Requests for extensions to the 12-month period of exclusive use will be considered with appropriate personal or professional justification and should be noted on the WMKO cover sheet and included in the Expertise and Access (E&A) document with the reason for the extension meeting one or more of the criteria listed below. Examples of reasonable justifications for an extension include but are not limited to:

  • Data are needed for a soon-to-be completed graduate student thesis (include in the justification the name of the student and advisor, how close the student is to graduating, and the importance of the Keck data to the thesis research);
  • The researcher only has research time outside of the academic year i.e., a professor at a teaching-focused institution;
  • Complex data reduction challenges, including lack of access to a data reduction pipeline;
  • Personal reasons (e.g., parental leave, health-related, etc.);

If an extension of the default exclusive use period beyond the standard 12 months is anticipated at the proposal stage (e.g., for a thesis program), the request should be noted on the cover sheet and included in the Expertise and Access (E&A) document with the reason for the extension. Such requests will not impact the proposal evaluation and selection process.

Six weeks prior to the end of the default exclusive use period, PIs will be alerted that the data are about to go public, and provided with an opportunity to request an extension. Requests for extensions of this 12-month period for NASA Keck data will be considered by the NASA Selecting Official on a case-by-case basis, will require compelling justification, and are unlikely to exceed an additional 6-month period.

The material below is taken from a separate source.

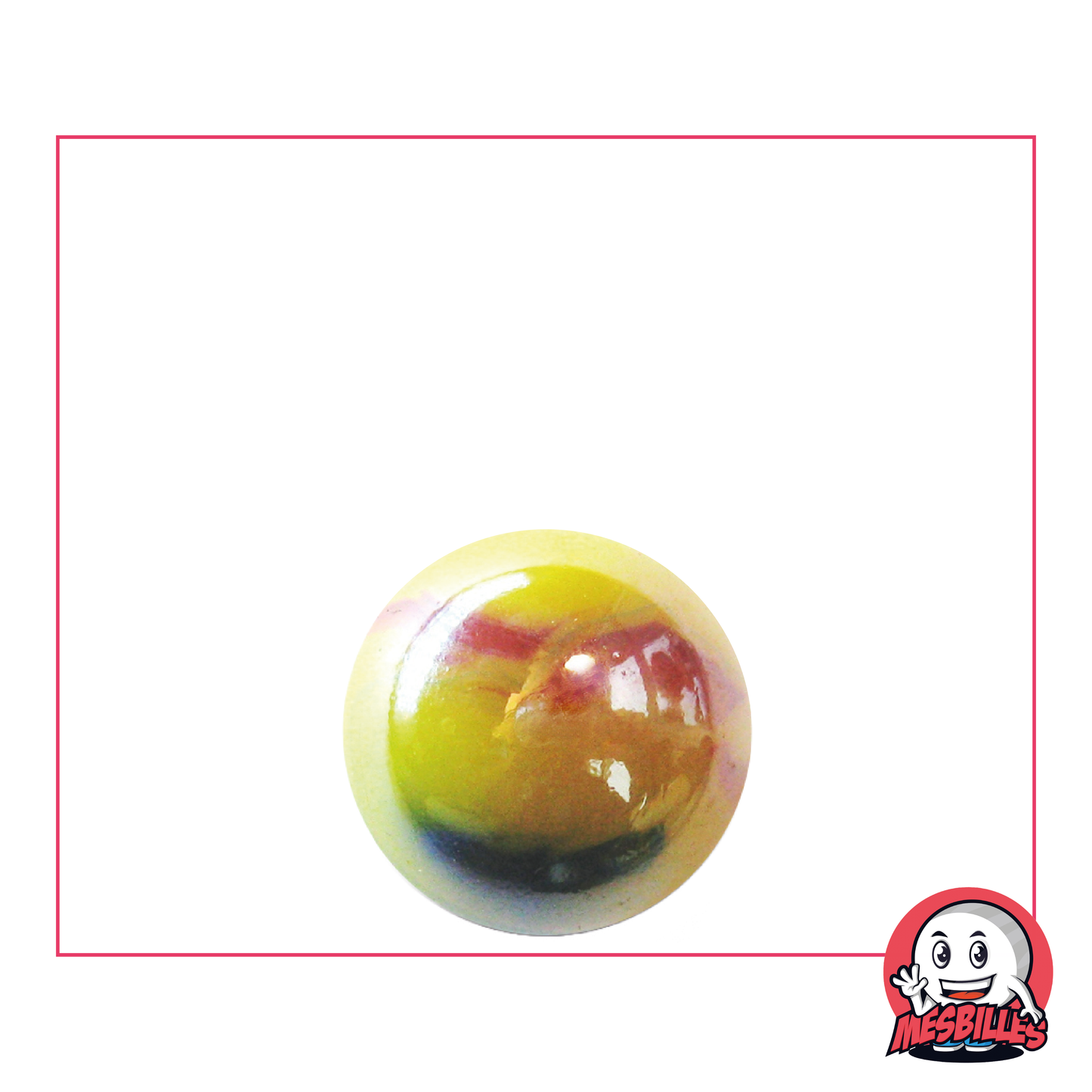 1 Canica Canario de 16 mm en vidrio opaco, amarillo ultra brillante con ondas rojas y azules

Requests for extensions to the period of exclusive use submitted outside the proposal cycle due to unforeseen circumstances will be considered on a case-by-case basis and should be submitted via email.

VI. Publication Acknowledgement

All publications based on data acquired with the Keck telescopes and/or the Keck Observatory Archive must include the acknowledgement(s) below.

Please send a citation for any paper using either acknowledgement to the NASA Keck Operations Scientist, Dr. Dawn Gelino (

WMKO and NASA Acknowledgement

"This work was supported by a NASA Keck PI Data Award, administered by the NASA Exoplanet Science Institute. Data presented herein were obtained at the W. M. Keck Observatory from telescope time allocated to the National Aeronautics and Space Administration through the agency's scientific partnership with the California Institute of Technology and the University of California. The Observatory was made possible by the generous financial support of the W. M. Keck Foundation.

The authors wish to recognize and acknowledge the very significant cultural role and reverence that the summit of Maunakea has always had within the indigenous Hawaiian community. We are most fortunate to have the opportunity to conduct observations from this mountain."

KOA Acknowledgement

"This research has made use of the Keck Observatory Archive (KOA), which is operated by the W. M. Keck Observatory and the NASA Exoplanet Science Institute (NExScI), under contract with the National Aeronautics and Space Administration."

Please also use the ADS bibcode provided by KOA to reference the PI of the dataset.

VII. Remote Observing

At home observing: requires the installation of software which only runs on linux and macOS operating systems. First time Keck observers are required to travel to WMKO, if at all possible.

NASA Keck observers have access to the Remote Observing Facility (ROF) at IPAC for their Keck observations. This ROF is located at Caltech/IPAC (Pasadena, CA). See the ROF page for more information and usage guidelines. The procedure to use one of these ROFs should be started no later than 5 weeks before the scheduled nights.

Other ROFs are available to NASA users with direct access to these facilities.